From the line containing "Mountain panorama in" to the line containing "Vit dunväst från Canada Goose - Säljer" in the entries below, reproduce every line exactly, ends included. Nothing else belongs in the copy, and no pictures.

• Dataset excerpts
▬▬▬▬▬▬

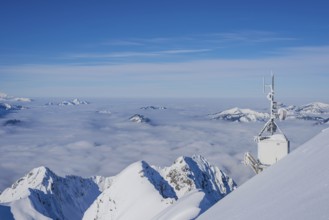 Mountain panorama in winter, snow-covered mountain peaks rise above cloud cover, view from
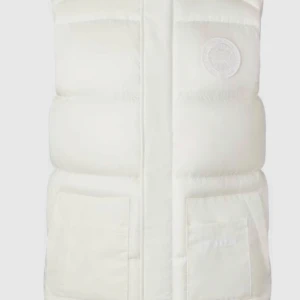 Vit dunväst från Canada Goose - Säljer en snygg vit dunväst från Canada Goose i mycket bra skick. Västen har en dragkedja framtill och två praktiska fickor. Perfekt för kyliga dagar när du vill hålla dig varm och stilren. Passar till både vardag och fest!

▬▬▬▬▬▬

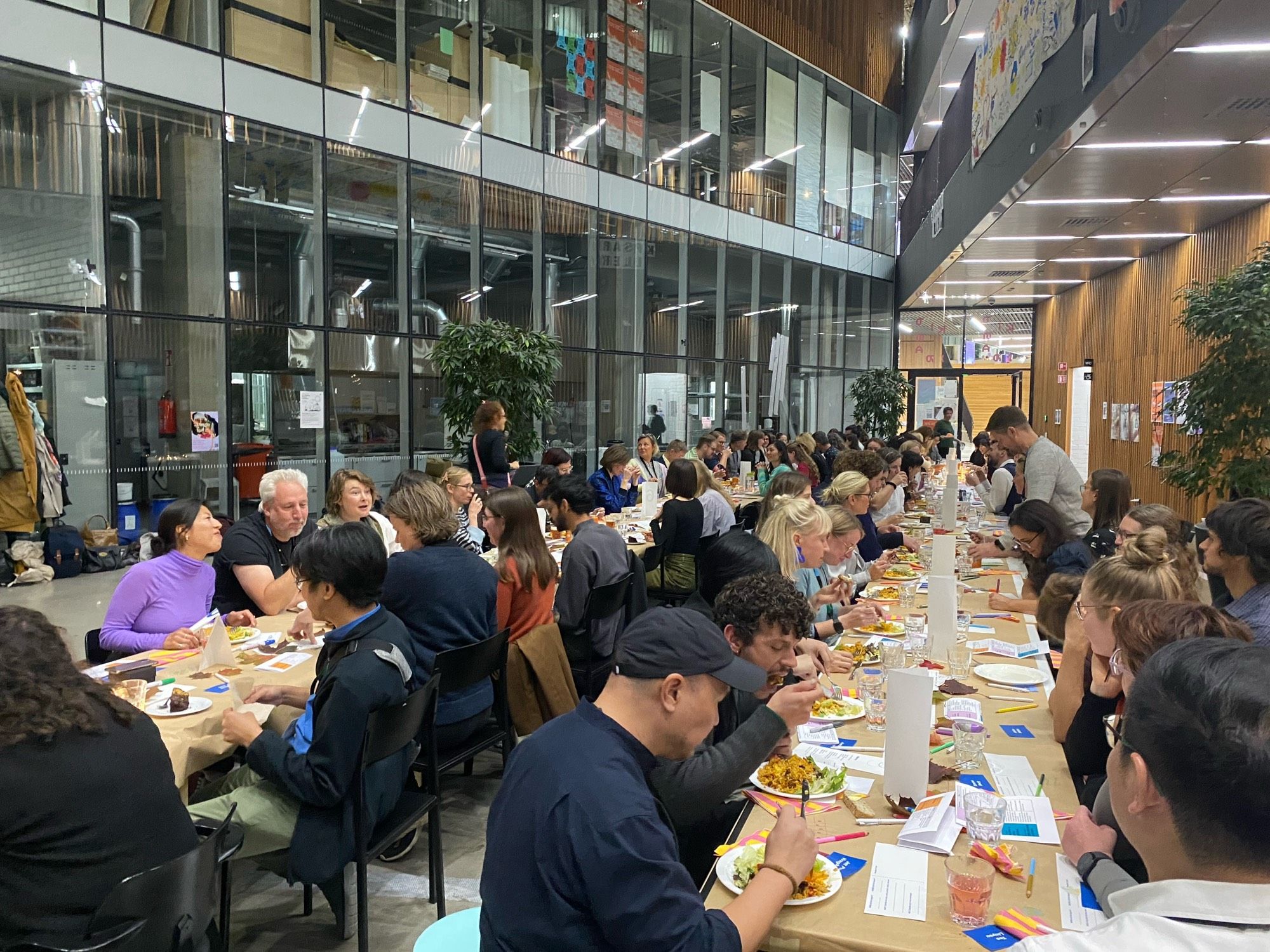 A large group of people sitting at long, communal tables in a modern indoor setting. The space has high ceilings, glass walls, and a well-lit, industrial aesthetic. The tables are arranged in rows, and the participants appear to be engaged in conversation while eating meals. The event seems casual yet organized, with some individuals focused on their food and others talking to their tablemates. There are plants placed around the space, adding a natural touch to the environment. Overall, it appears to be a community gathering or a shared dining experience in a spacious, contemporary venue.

▬▬▬▬▬▬

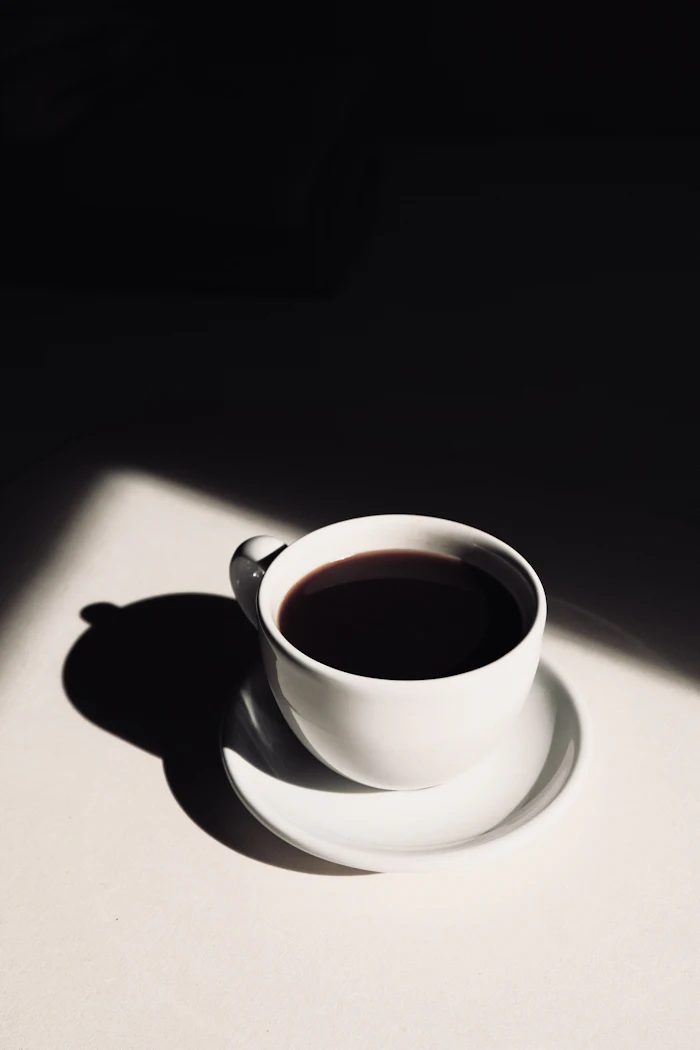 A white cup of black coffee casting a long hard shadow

▬▬▬▬▬▬

• Solution
 Mountain panorama in winter, snow-covered mountain peaks rise above cloud cover, view from
 Vit dunväst från Canada Goose - Säljer en snygg vit dunväst från Canada Goose i mycket bra skick. Västen har en dragkedja framtill och två praktiska fickor. Perfekt för kyliga dagar när du vill hålla dig varm och stilren. Passar till både vardag och fest!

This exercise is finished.